The temperature had warmed up quite a bit so I peeled off my riding jacket, grabbed my camera and started my walk down to the falls. The first part of the trail is handicap accessible and provides a nice view of the falls. However, if you want to get really close you’ve got to walk down (and then eventually back up) 214 steps.
Once at the bottom of the stairs you’ll get an up-close view of the nearly 60-foot waterfall. Made of very dark Connoquenessing sandstone, the main ledge of the falls combined with the amber-colored waters make Blackwater Falls unique and unmistakable.
After topping off my fuel tank, I was met by a few fun curves after departing Davis before riding a long, straight stretch of road as I passed through Canaan Valley. With no snow yet on them, I took a moment to admire the ski slopes on the mountainsides.
Once outside of Canaan Valley, Route 32 zigzags down to Harman, West Virginia, following every bend of the Cheat River along the way. Although there are some pretty views along the route, I was having too much fun riding to notice. Backing off the throttle just long enough to obey a slower speed limit coming into Harman, I then merged onto U.S. Route 33.
U.S. 33 comprises some of the best motorcycling riding in the country, but it’s also dangerous due to the large number of long-distance truckers who also use the route. With grades as steep as 10 percent, it’s not uncommon for truckers or other vehicles to wear out their brakes and run wide into the oncoming lane, so be careful.
The final 12 miles to Seneca Rocks are filled with exhilarating twists and turns as you cross the Eastern Continental Divide, working your way up to 3,240 feet in elevation and then plunging down the other side.
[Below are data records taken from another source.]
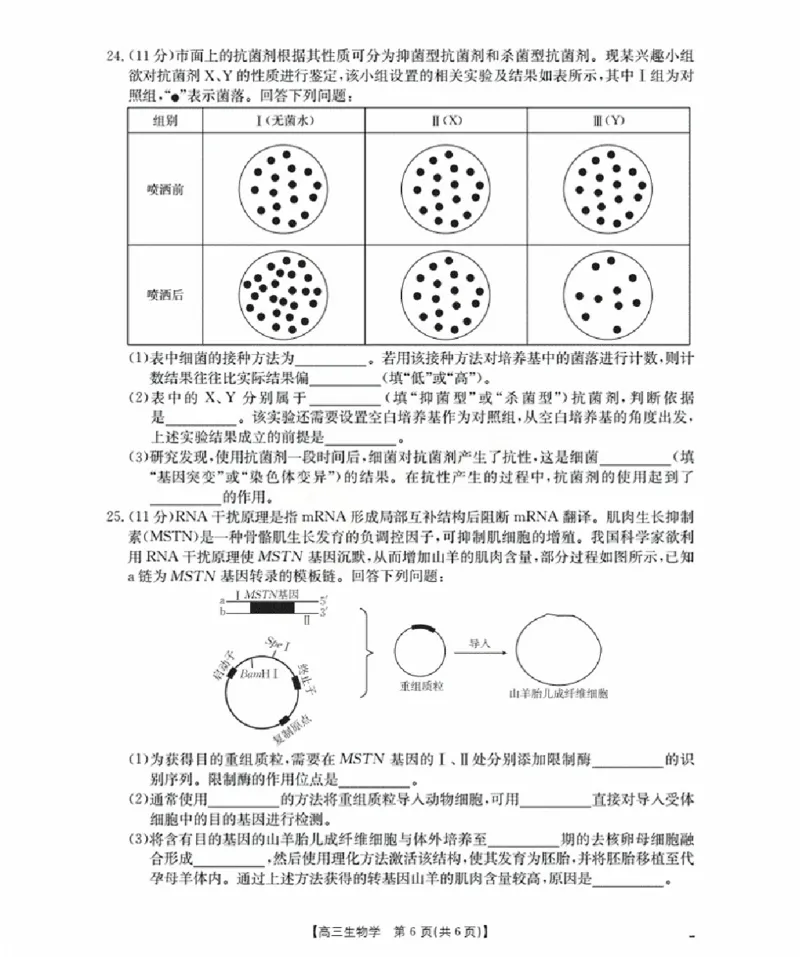 辽宁省金太阳2026届高三9月开学联考（26-16C）生物+答案_2025年9月_250910金太阳&middot;辽宁省2026届高三9月开学联考（26-16C）（全科）
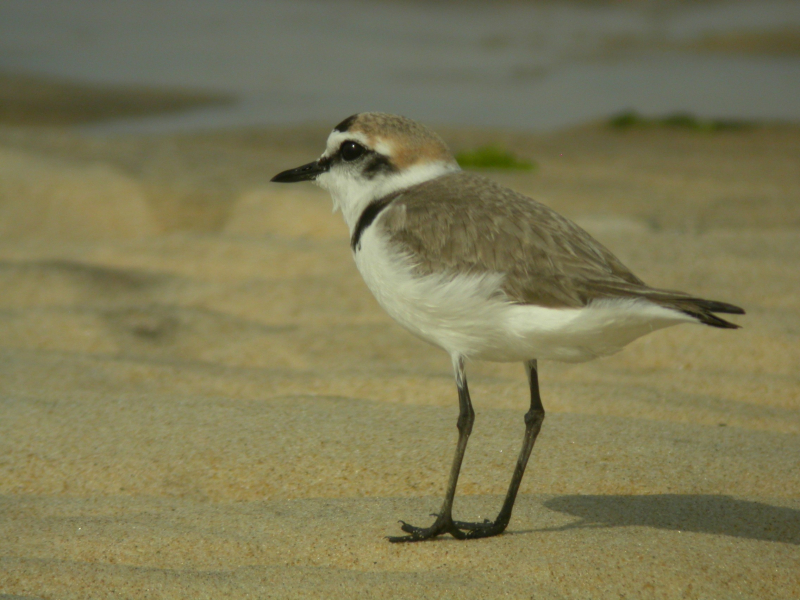 Gravelot à collier interrompu (Charadrius alexandrinus) sur la plage, le banc d'Arguin. Mâle. Crédits : RNN Banc d'Arguin - SEPANSO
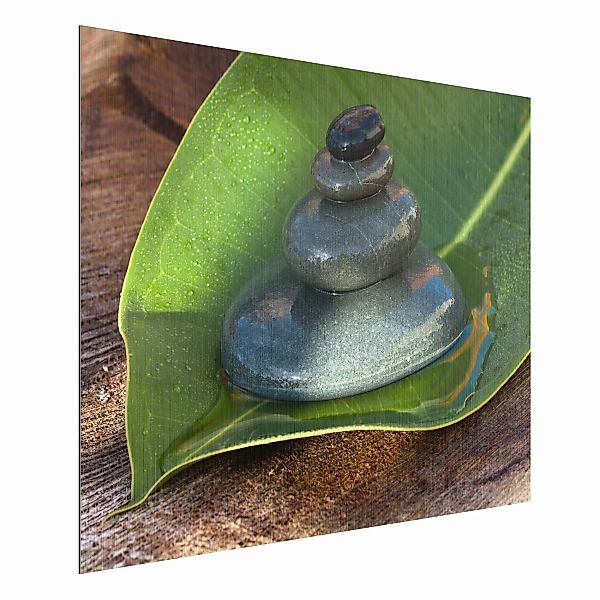 Alu-Dibond Bild - Querformat 4:3 Steinturm auf grünem Blatt günstig online kaufen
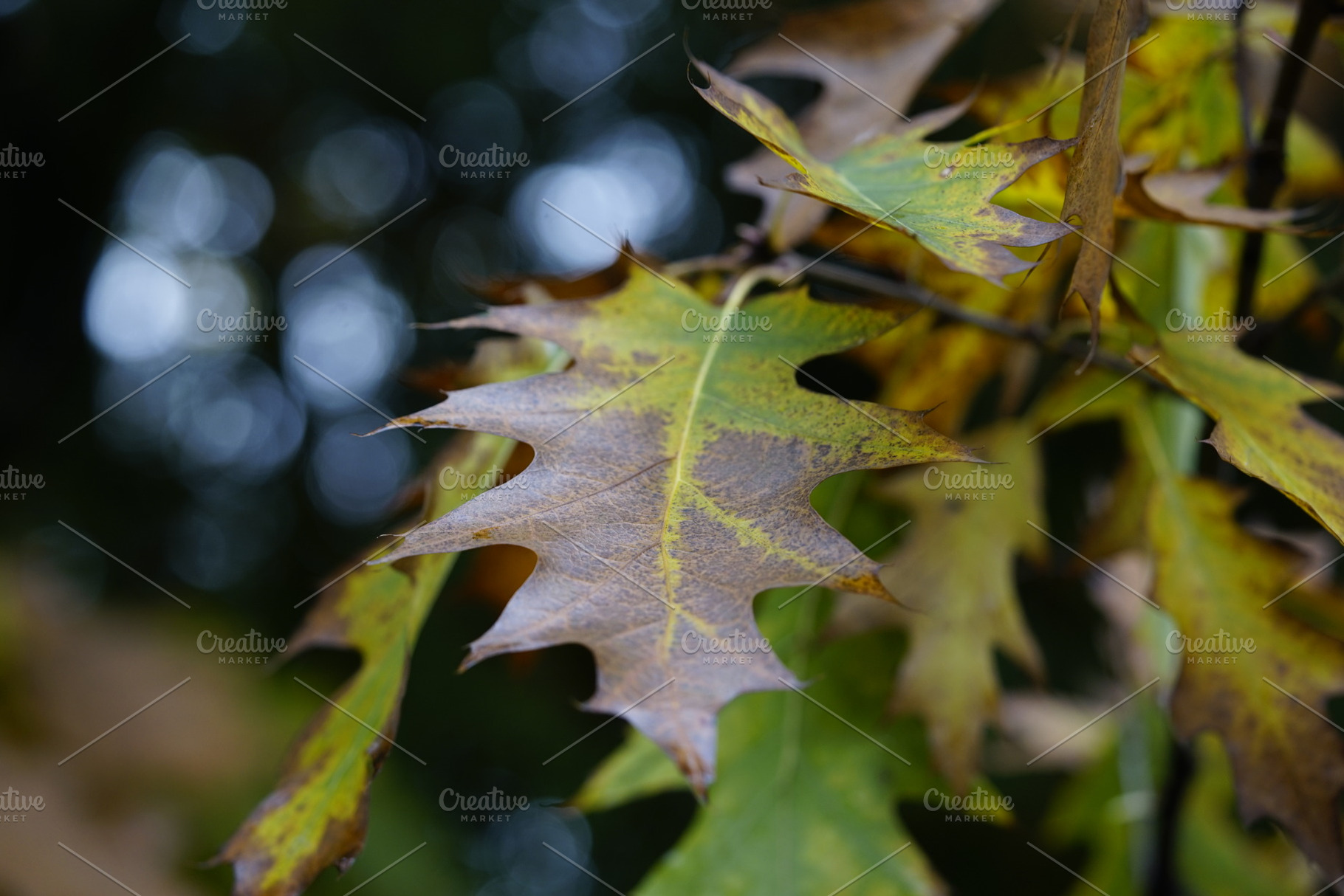 Autumn leaves stock photo containing leaf and leaf image, a Nature Photo by Nazar Hrabovyi
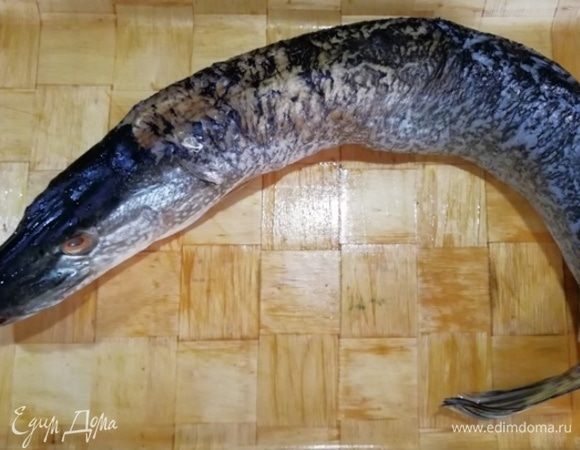 Щуку помойте, очистите чешую, выпотрошите, удалите жабры.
After a short 3.6-mile climb I started the steep descent back down the mountain.
A couple of long straightaways will dupe first-time riders into thinking they’ve reached the bottom of the mountain but don’t be fooled. Misjudging Dead Woman’s Curve will take you over a several-hundred foot drop off the side of the mountain.
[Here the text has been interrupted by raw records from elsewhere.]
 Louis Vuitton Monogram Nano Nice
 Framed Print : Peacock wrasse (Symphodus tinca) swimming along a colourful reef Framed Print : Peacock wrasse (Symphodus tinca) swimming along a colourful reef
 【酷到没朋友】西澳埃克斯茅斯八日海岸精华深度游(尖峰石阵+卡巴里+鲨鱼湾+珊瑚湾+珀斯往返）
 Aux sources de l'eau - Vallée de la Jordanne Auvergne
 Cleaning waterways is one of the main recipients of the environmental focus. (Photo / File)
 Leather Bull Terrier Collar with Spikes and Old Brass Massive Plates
After the next straightway there’s Horseshoe Curve, another gnarly switchback you don’t want to take too hot. A handful of twisties later the road begins to straighten and flatten and you get your first glimpse of Seneca Rocks.
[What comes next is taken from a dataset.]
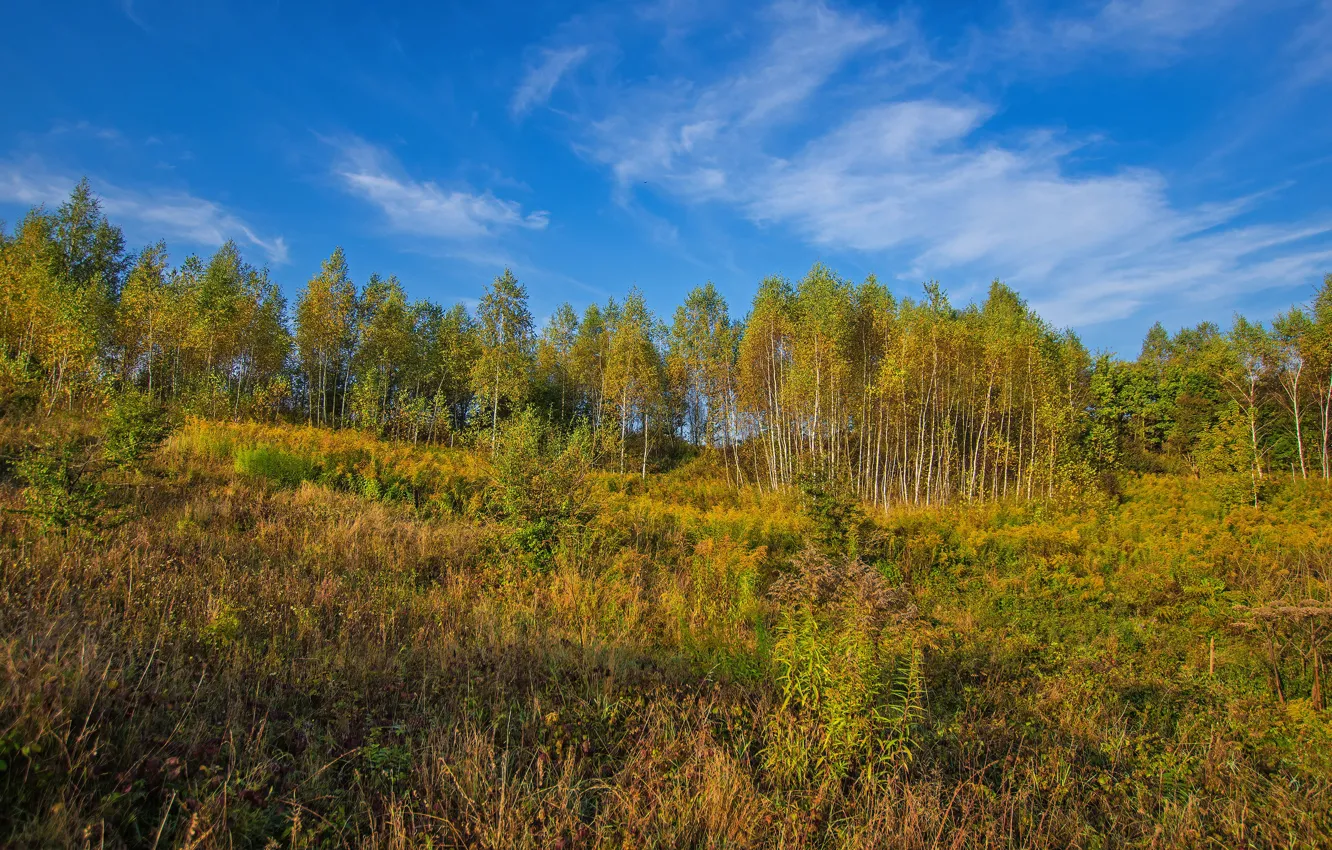 Фото обои поле, осень, лес, деревья, роща, кроны, золотая осень, осины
I pulled into the parking lot shared by Yokum’s Store & Motel and Harper’s Old Country Store & Front Porch Restaurant. Disappointed to learn the Front Porch Restaurant was closed for the season, I had lunch at Yokum’s deli instead.
Before I could get in the building, some fellow riders asked me about my KTM 1290 Super Adventure. I spent the next five minutes trading riding stories with three really nice guys who were on their way back to Pennsylvania.
I enjoyed my hamburger and fries (which was less than $6.50) on the deck of Yokum’s, which offers a spectacular view of the 900-foot tall Seneca Rocks. As I finished up a couple more riders pulled into parking lot. We had a quick chat and then I took State Route 28 north, which snakes alongside the North Fork South Branch Potomac River all the way back to Petersburg, West Virginia.
From Petersburg it was a quick ride up U.S. Route 220 to Moorefield before getting back on Corridor H and backtracking the rest of the way to Winchester. It was a little after 4:00 pm when I turned into my driveway. The sun had already begun to set, not just on my day but also on my mountain riding for the season.